Du and his co-authors used a combination of electrochemical tests and advanced microscopic imaging to compare the performance of pure water to reclaimed wastewater in the reactors. They observed that system performance declined rapidly with reclaimed water, while the same setup with pure water continued to function stably. Through experimental and modeling analyses, they identified ions of calcium and magnesium — the same minerals that cause scale buildup on household faucets and kettles — as the main cause of performance loss. These ions stick to the membrane, blocking ion transport and turning it from a porous pathway to a solid barrier.

To address this issue, the researchers came up with a simple solution: acidifying the water with sulfuric acid. The resulting acidic buffer acts as a rich source of protons that outcompete other ions, maintaining ion conductivity, sustaining electrical current and enabling continuous hydrogen production.

"It's expensive to remove all those ions so you have ultrapure water going into the electrolyzer," said Ren. "Now, you can just acidify it a bit, you put ion-containing water into the electrolyzer, and it lasts for more than 300 hours without apparent issues."

His team estimated that using reclaimed wastewater rather than purified water could reduce the cost of treating water for hydrogen production by about 47% and the energy cost of that treatment by about 62%.

Crucially, said Ren, "this acid is recirculated, so it's never getting out of the system," which is important from both an environmental and cost perspective.

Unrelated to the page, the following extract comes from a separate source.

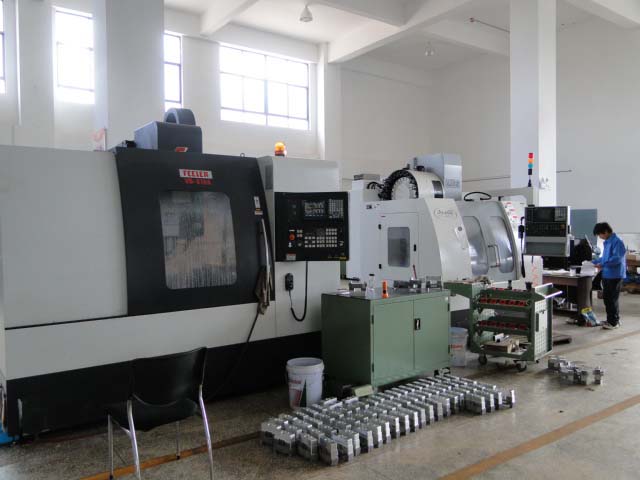 機(jī)電學(xué)院實(shí)習(xí)工廠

Likewise, the calcium and magnesium ions remain in soluble phase without interfering with the circulation.

Ren and his team are working with industry partners to test how their approach functions on a larger scale, as well as how it might work with pretreated seawater as an input. Last year, they published a study on optimizing both water and cost savings in hydrogen production, identifying the best spots in the United States to collocate hydrogen facilities with wastewater facilities where reclaimed water is abundant. That work was led by Jinyue Jerry Jiang, who was a Maeder Graduate Fellow at the Andlinger Center and completed his Ph.D. at Princeton earlier this year.

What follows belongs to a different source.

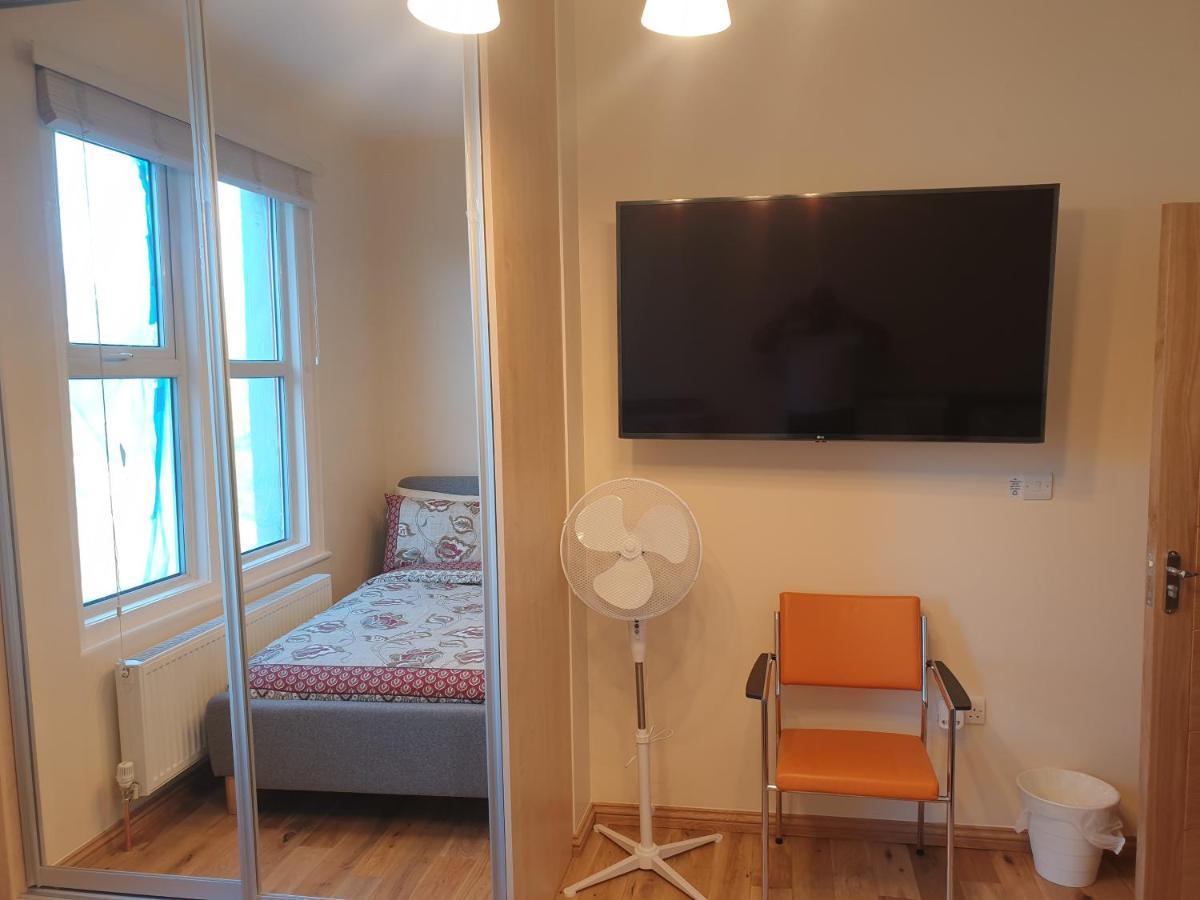London Luxury Spacious 2 Bedroom Apartment 4 Mins From Ilford Stn. Free Parking Екстер'єр фото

"We wanted to really look into the possibility of using reclaimed water to enable a national hydrogen strategy," said Ren. "We do both deep technical research and big-picture analytical work to serve both scientific needs and industry needs."

The paper, " Electrolytic hydrogen production from acidified wastewater effluent ," was published Sept. 24 in Water Research. In addition to Du, Jiang and Ren, co-authors included Guangye Zhou, Yuqing Yan and Ryan Kingsbury of Princeton; and Anthony Ku of Xiron Global Ltd., a non-resident fellow at the Andlinger Center. Support for this work was provided by New Jersey Resources and the Andlinger Center for Energy and the Environment.